Regulators extended, by two years, the deadline for banks to conform their holdings of collateralized loan obligation holdings to the Volcker Rule, but the extension comes with a big catch: not only is it temporary, but it is not available to everyone.

A fight has been brewing over a provision in the Volcker Rule that could force banks to sell off billions of dollars in CLO holdings before it goes into effect in July 2015.

The rule, which is designed to restrict banks’ investment in hedge and equity funds, determines that institutions have an “ownership interest” in such funds they have a vote in removing management.

Because senior debt securities issued by CLOs include the right to fire the investment manager for cause, some have argued that banks can no longer hold those assets once the Volcker Rule goes into effect.

In an April 7 press release, the regulators said they would give banks until July 21, 2017 to “conform their ownership interests in and sponsorship of CLOs to the statute.”

This was not the work-around that many were looking for.

Rep. Scott Garrett, R-N.J. issued a statement objecting to the compromise before it was even public. He noted that banks would still be forced to sell off their holdings, they would just have more time to do so. This ‘fix’ is no fix at all,” said Garrett, the chairman of the House subcommittee on capital markets. “The underlying facts remain the same. Whether it is today or two years from now, this rule will force small and large banks to needlessly write down or hold a fire sale of these performing assets — potentially creating huge bank losses and making our financial system less safe and less sound.”

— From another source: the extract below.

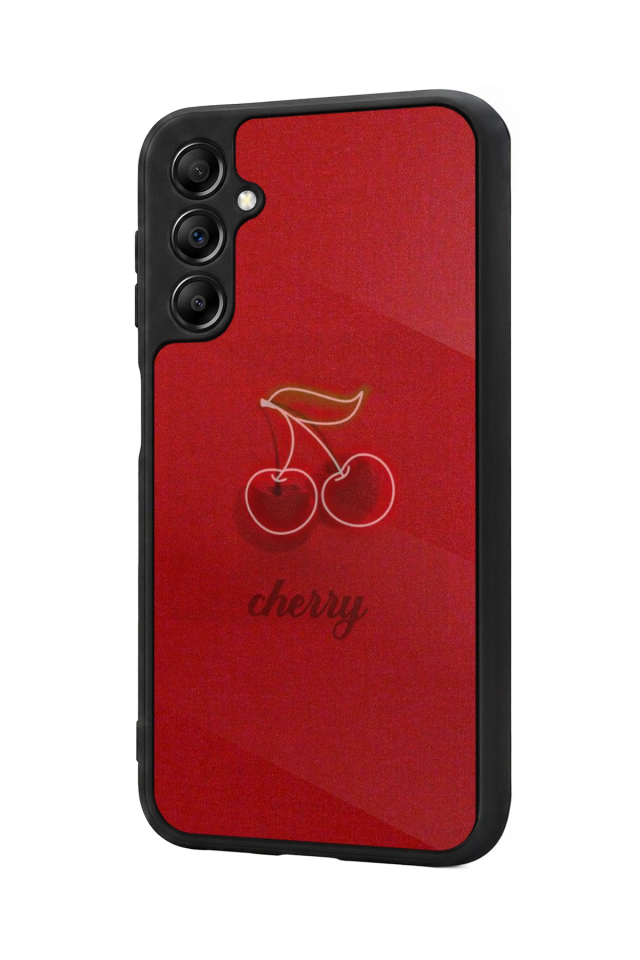 Samsung Galaxy A14 Uyumlu Kiraz Tasarımlı Glossy Premium Kılıf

The House Financial Services Committee has held several hearings on the issue, and the panel passed a bill last month with near unanimous support that would grandfather many CLOs issued before February and clarify the types of commercial loan pools subject to the rule going forward.
Garrett pointed to that legislation, arguing that lawmakers have already signaled how they would like to see the problem solved.

Then, on April 23, Elliot Ganz, an executive vice president and general counsel of the Loan Syndications and Trading Association, told participants at an industry conference of an even more troubling limitation. Ganz said that the Federal Reserve had confirmed that the two-year extension only applies to the original owners of the CLO notes, and would be revoked upon the sale or trade of the securities.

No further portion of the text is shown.